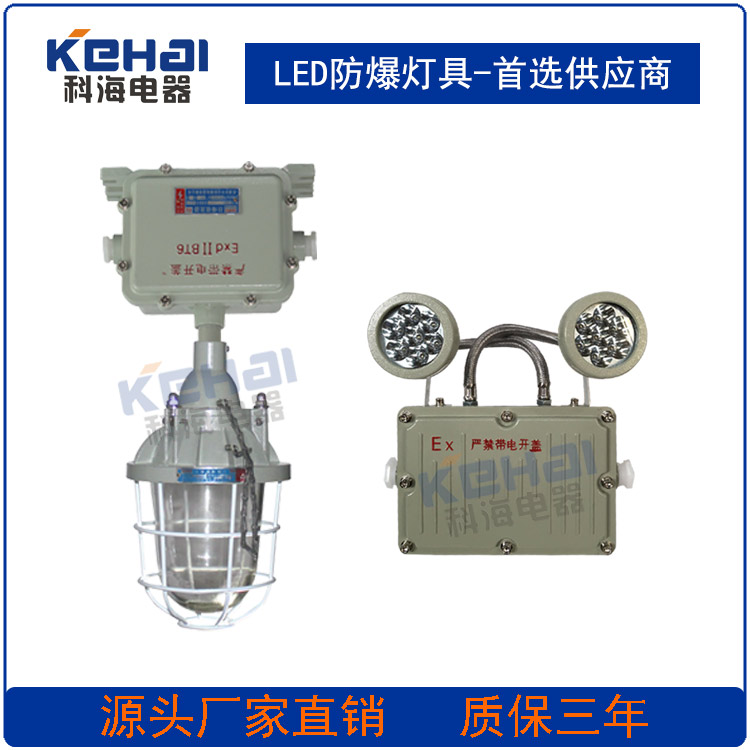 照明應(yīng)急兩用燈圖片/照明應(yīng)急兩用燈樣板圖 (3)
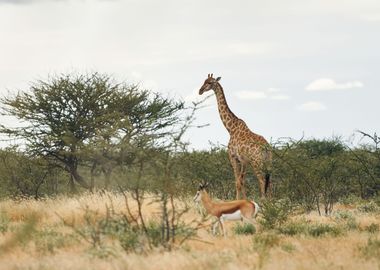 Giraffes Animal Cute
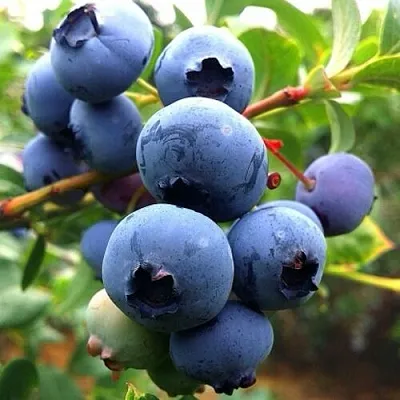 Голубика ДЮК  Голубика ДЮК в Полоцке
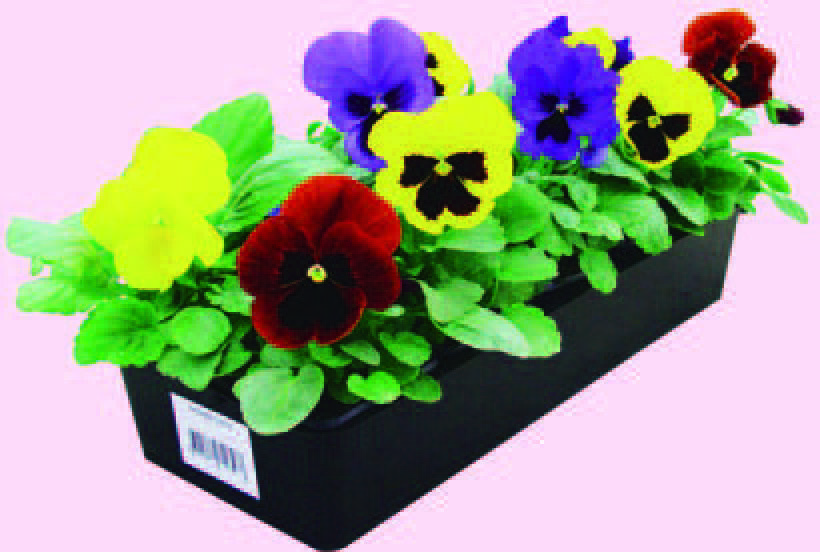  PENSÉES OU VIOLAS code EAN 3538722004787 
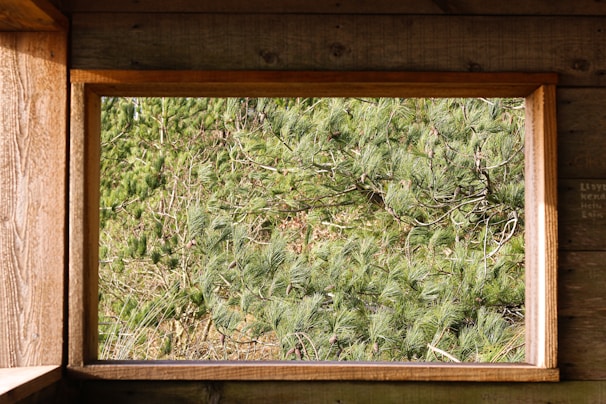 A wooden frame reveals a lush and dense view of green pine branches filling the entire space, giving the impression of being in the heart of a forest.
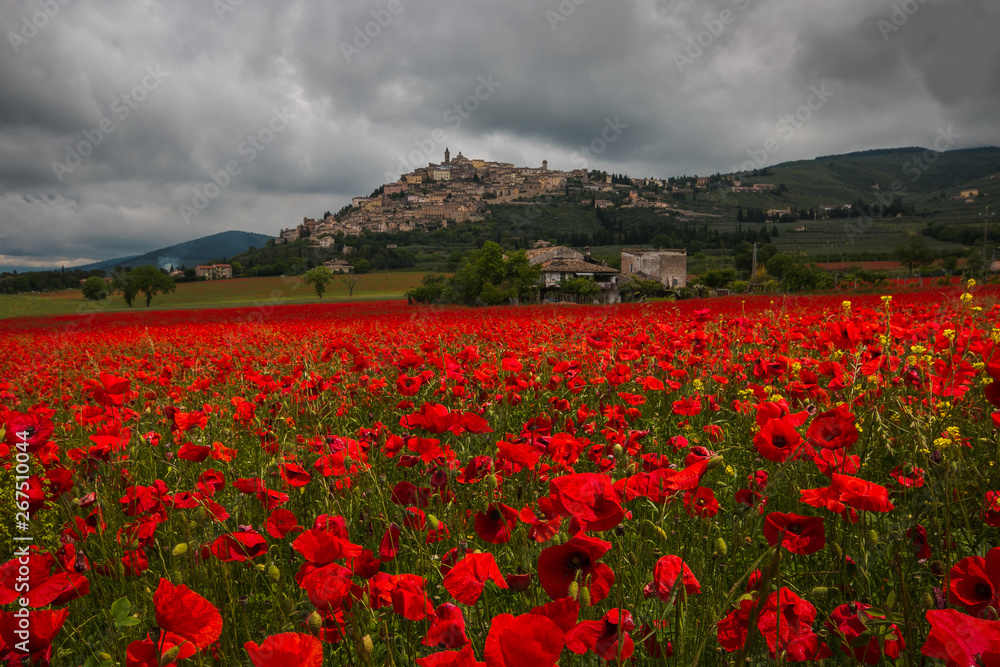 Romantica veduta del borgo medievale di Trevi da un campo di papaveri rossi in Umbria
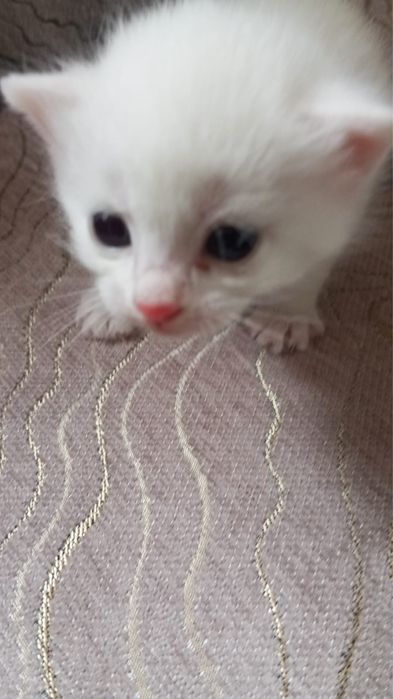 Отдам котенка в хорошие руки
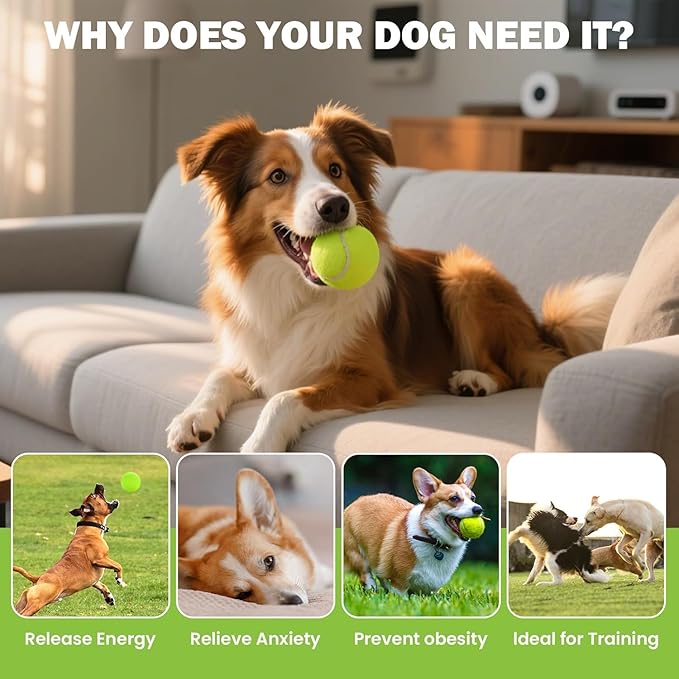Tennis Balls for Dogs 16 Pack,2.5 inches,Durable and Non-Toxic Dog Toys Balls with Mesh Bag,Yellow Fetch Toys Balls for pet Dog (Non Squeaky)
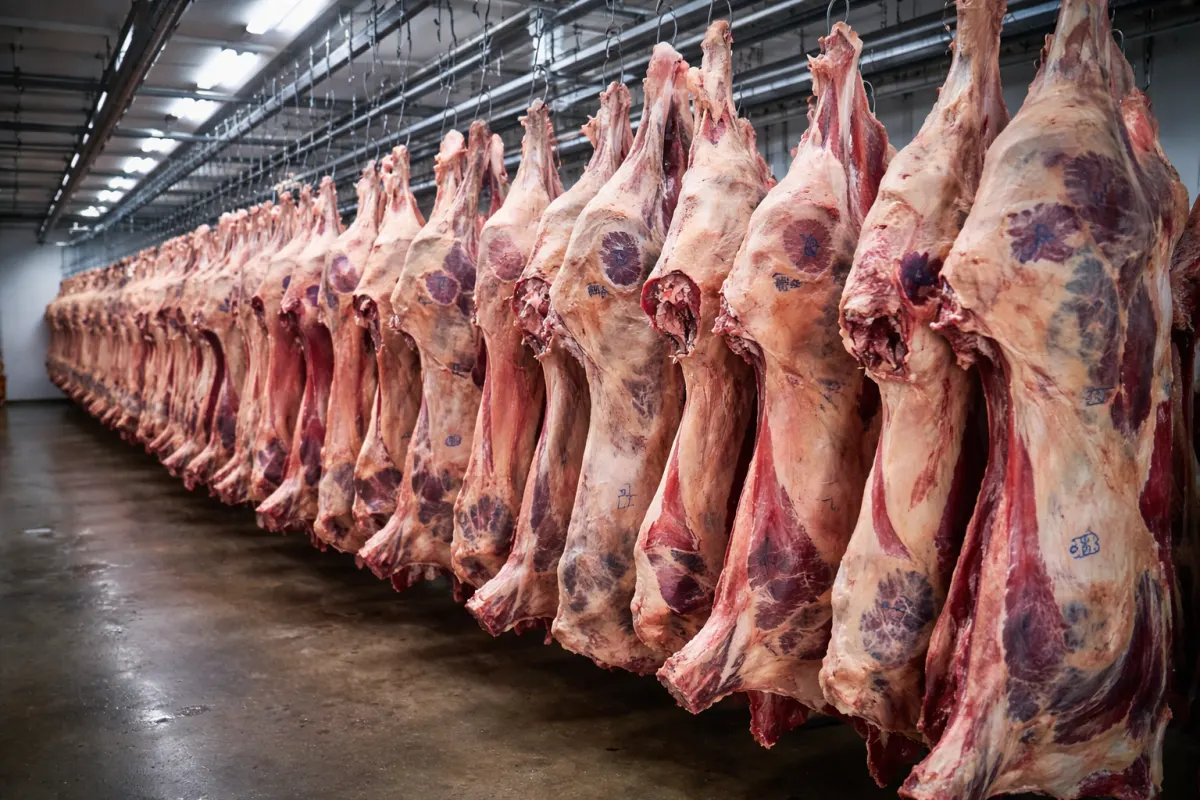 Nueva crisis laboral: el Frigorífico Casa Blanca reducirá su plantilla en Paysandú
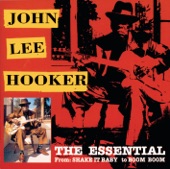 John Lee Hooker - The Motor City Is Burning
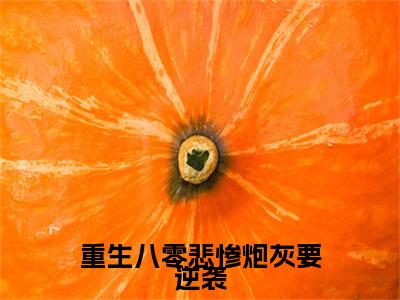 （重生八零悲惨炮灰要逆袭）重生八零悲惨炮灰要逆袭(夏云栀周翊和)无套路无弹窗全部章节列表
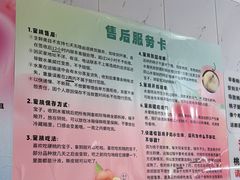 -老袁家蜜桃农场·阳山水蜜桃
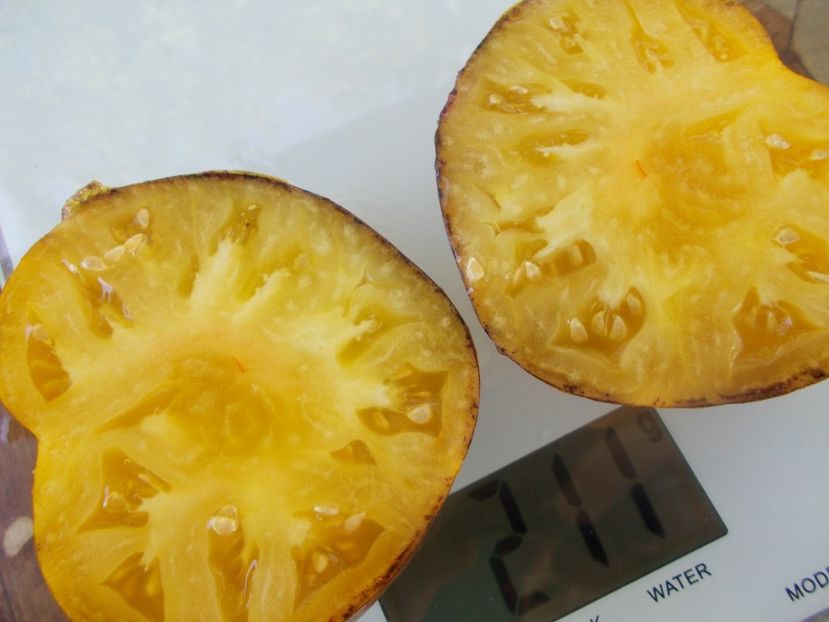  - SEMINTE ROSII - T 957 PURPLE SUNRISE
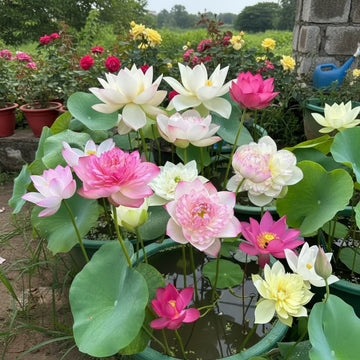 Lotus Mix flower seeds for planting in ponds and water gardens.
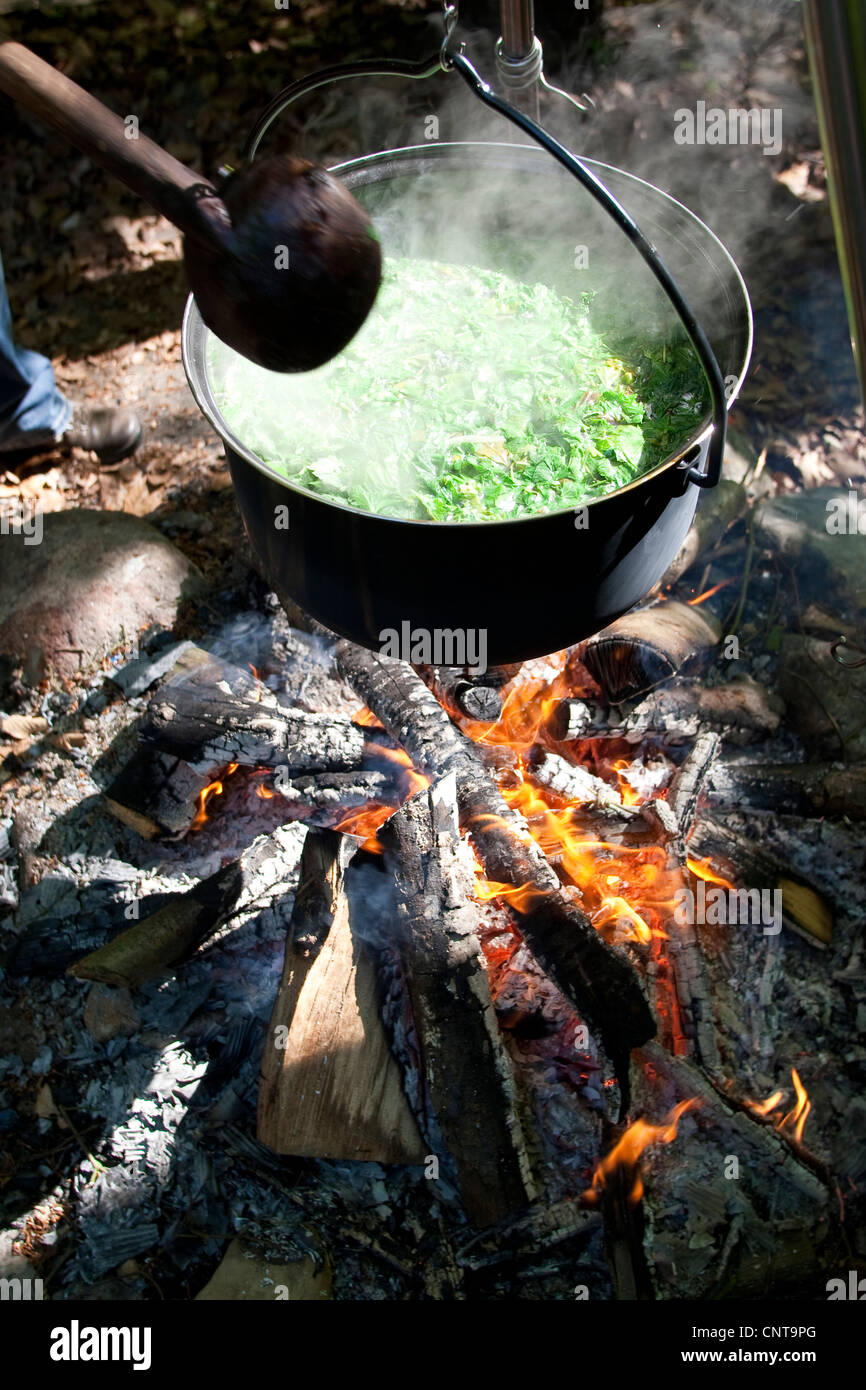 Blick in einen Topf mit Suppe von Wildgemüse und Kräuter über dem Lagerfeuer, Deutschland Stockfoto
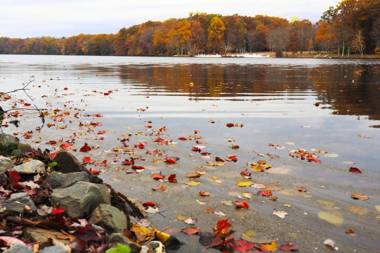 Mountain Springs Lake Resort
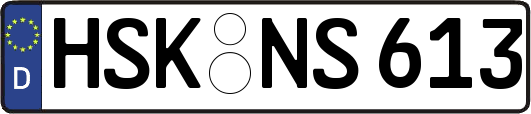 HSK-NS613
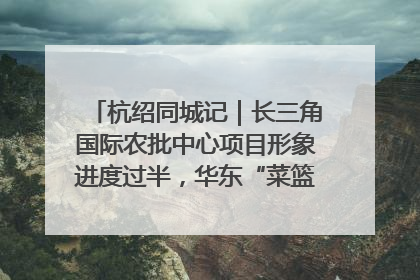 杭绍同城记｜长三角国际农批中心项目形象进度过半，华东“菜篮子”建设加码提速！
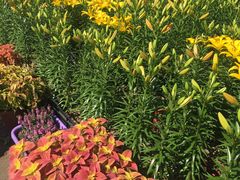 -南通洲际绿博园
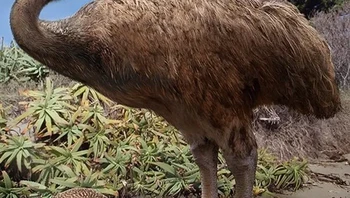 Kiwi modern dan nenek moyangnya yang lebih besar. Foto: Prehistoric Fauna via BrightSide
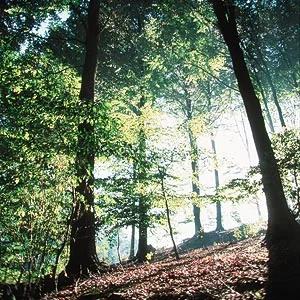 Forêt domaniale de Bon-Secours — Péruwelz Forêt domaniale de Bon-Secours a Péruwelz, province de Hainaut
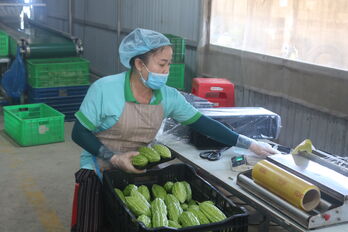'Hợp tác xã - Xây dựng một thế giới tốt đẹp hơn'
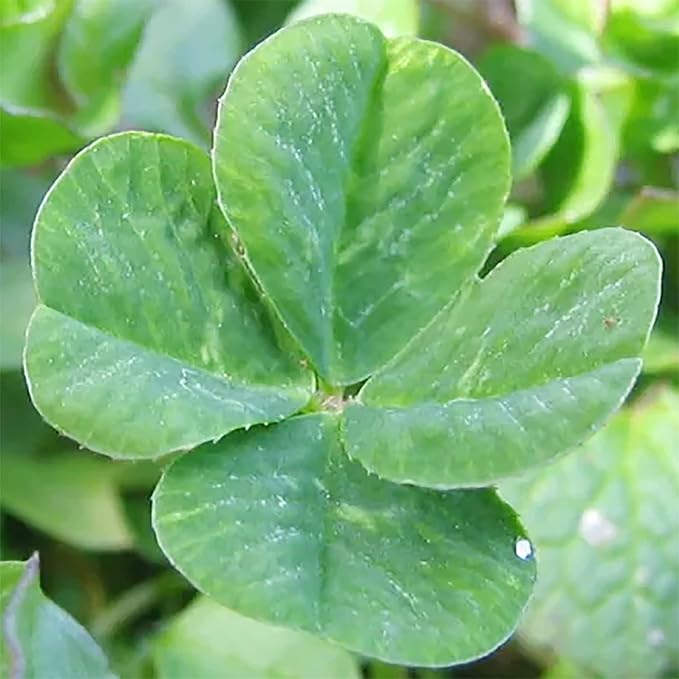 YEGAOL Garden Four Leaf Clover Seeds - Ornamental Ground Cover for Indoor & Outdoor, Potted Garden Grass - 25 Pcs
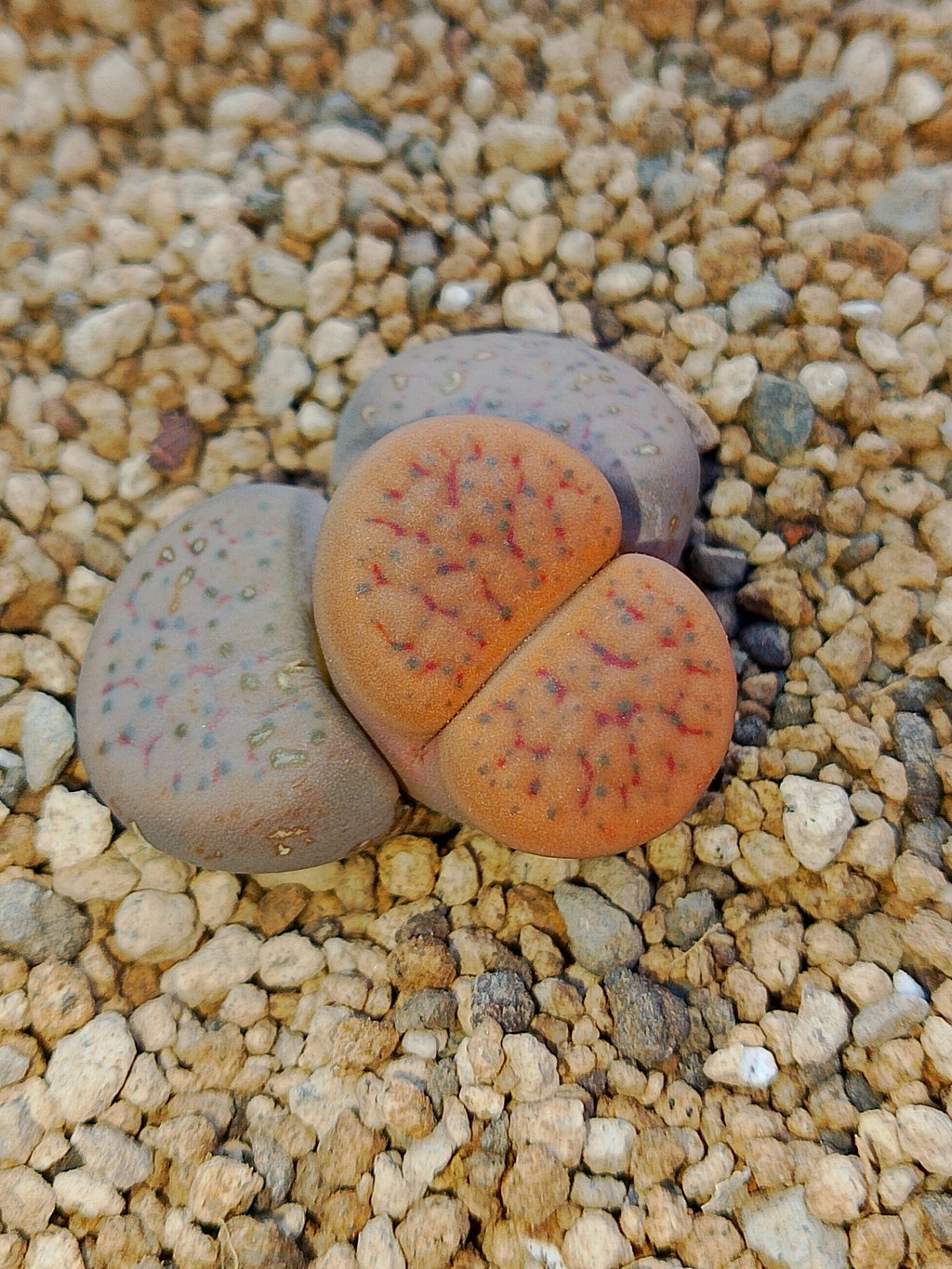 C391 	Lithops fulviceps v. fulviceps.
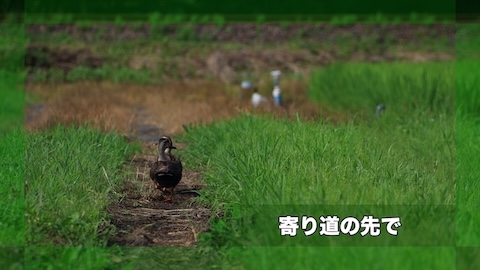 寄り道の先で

**What is required:** Please retype every entry above exactly, leaving out any picture.

**Task output:**
 照明應(yīng)急兩用燈圖片/照明應(yīng)急兩用燈樣板圖 (3)
 Giraffes Animal Cute
 Голубика ДЮК  Голубика ДЮК в Полоцке
  PENSÉES OU VIOLAS code EAN 3538722004787 
 A wooden frame reveals a lush and dense view of green pine branches filling the entire space, giving the impression of being in the heart of a forest.
 Romantica veduta del borgo medievale di Trevi da un campo di papaveri rossi in Umbria
 Отдам котенка в хорошие руки
Tennis Balls for Dogs 16 Pack,2.5 inches,Durable and Non-Toxic Dog Toys Balls with Mesh Bag,Yellow Fetch Toys Balls for pet Dog (Non Squeaky)
 Nueva crisis laboral: el Frigorífico Casa Blanca reducirá su plantilla en Paysandú
 John Lee Hooker - The Motor City Is Burning
 （重生八零悲惨炮灰要逆袭）重生八零悲惨炮灰要逆袭(夏云栀周翊和)无套路无弹窗全部章节列表
 -老袁家蜜桃农场·阳山水蜜桃
  - SEMINTE ROSII - T 957 PURPLE SUNRISE
 Lotus Mix flower seeds for planting in ponds and water gardens.
 Blick in einen Topf mit Suppe von Wildgemüse und Kräuter über dem Lagerfeuer, Deutschland Stockfoto
 Mountain Springs Lake Resort
 HSK-NS613
 杭绍同城记｜长三角国际农批中心项目形象进度过半，华东“菜篮子”建设加码提速！
 -南通洲际绿博园
 Kiwi modern dan nenek moyangnya yang lebih besar. Foto: Prehistoric Fauna via BrightSide
 Forêt domaniale de Bon-Secours — Péruwelz Forêt domaniale de Bon-Secours a Péruwelz, province de Hainaut
'Hợp tác xã - Xây dựng một thế giới tốt đẹp hơn'
 YEGAOL Garden Four Leaf Clover Seeds - Ornamental Ground Cover for Indoor & Outdoor, Potted Garden Grass - 25 Pcs
 C391 	Lithops fulviceps v. fulviceps.
 寄り道の先で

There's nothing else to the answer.